Thingsboard Documentation

Documentation for using Thingsboard IoT Platform.

IoT data analytics using Apache Spark, Kafka and Thingsboard

Thingsboard rule engine supports basic analysis of incoming telemetry data, for example, threshold crossing. The idea behind rule engine is to provide functionality to route data from IoT Devices to different plugins, based on device attributes or the data itself.

However, most of the real-life use cases also require support of advanced analytics: machine learning, predictive analytics, etc.

This tutorial will demonstrate how you can:

Of course, analytics in this tutorial is quite simple, our goal is to highlight the integration steps.

Overview

image

Let’s assume we have big amount of weather stations that are located in different geo-location zones. Thingsboard is used to collect, store and visualize wind speed from this stations, but we are also interested in average wind speed in each geo-location zone. Once again, this is completely fake scenario just to demonstrate the integration of all components.

In this scenario we are going to upload wind speed as a telemetry reading, however, the geo-location zone will be a static attribute of the weather station device. This is logical, since telemetry readings are going to change often, and the geo-location is static.

We will analyze real-time data from multiple devices using Spark Streaming job with 10 seconds batch window.

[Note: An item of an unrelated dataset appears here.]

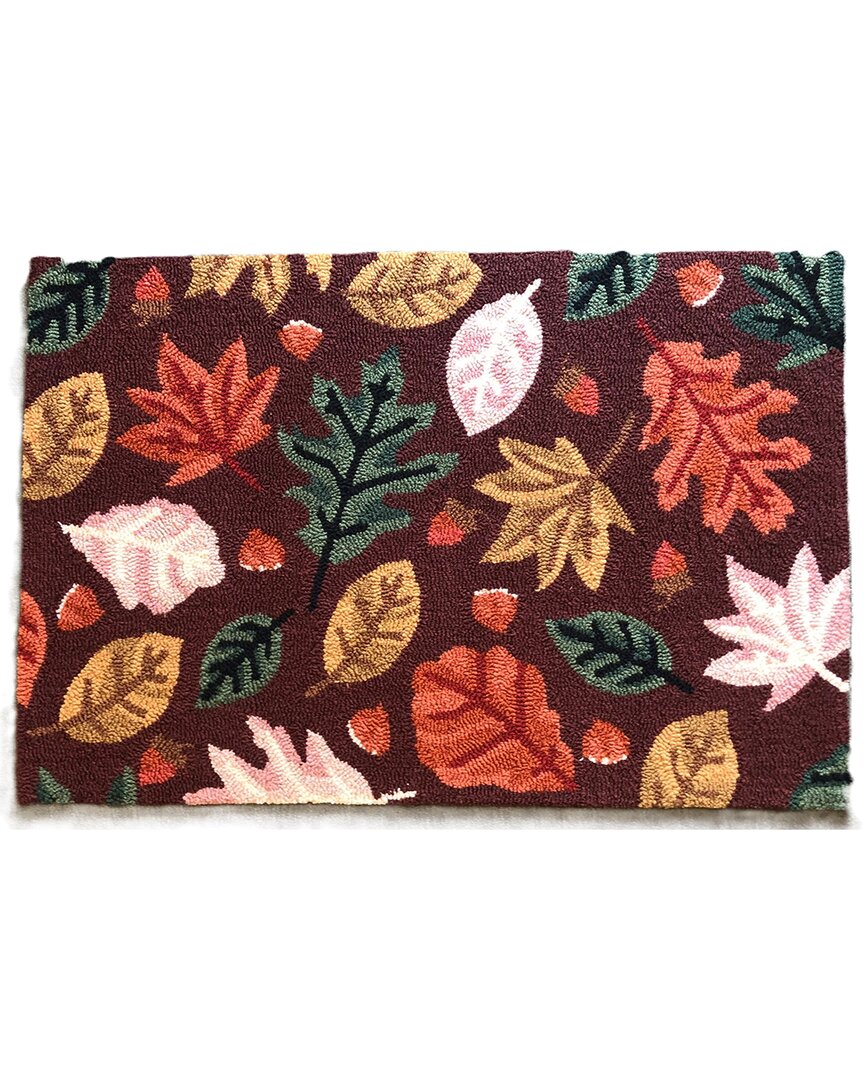 The Rug Market Leaf Toss 24x36in Doormat In Brick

In order to store and visualize results of the analytics we are going to create one virtual device for each geo-location zone. This is possible using special Thingsboard MQTT Gateway API. This API allows to efficiently stream data from multiple devices using single MQTT session. So, in our case, the Spark Job itself acts as a gateway that publish data on behalf of several virtual devices. Let’s name this gateway as an Analytics Gateway.

Prerequisites

We assume you have Thingsboard instance is up and running. We also assume you are familiar with Kafka and Spark and have also prepared those environments for this tutorial.

Thingsboard configuration steps

Step 1. Configuration of Kafka Plugin

We need to configure Kafka Plugin that will be used to push telemetry data to Kafka. You can find detail description of Kafka Plugin here.

Download the json with plugin descriptor and use this instructions to import it to your instance.

Please note that the plugin configuration expects Kafka to be running on the localhost with port 9092.

image

Don’t forget to activate your new plugin instance by clicking on corresponding button in plugin details!

Step 2. Configuration of Telemetry Forwarding Rule

Now we need to configure the Rule that will be used to push wind speed data from the weather stations to Kafka.

Download the json with plugin descriptor and use this instructions to import it to your instance.

Don’t forget to activate your new rule instance by clicking on corresponding button in plugin details!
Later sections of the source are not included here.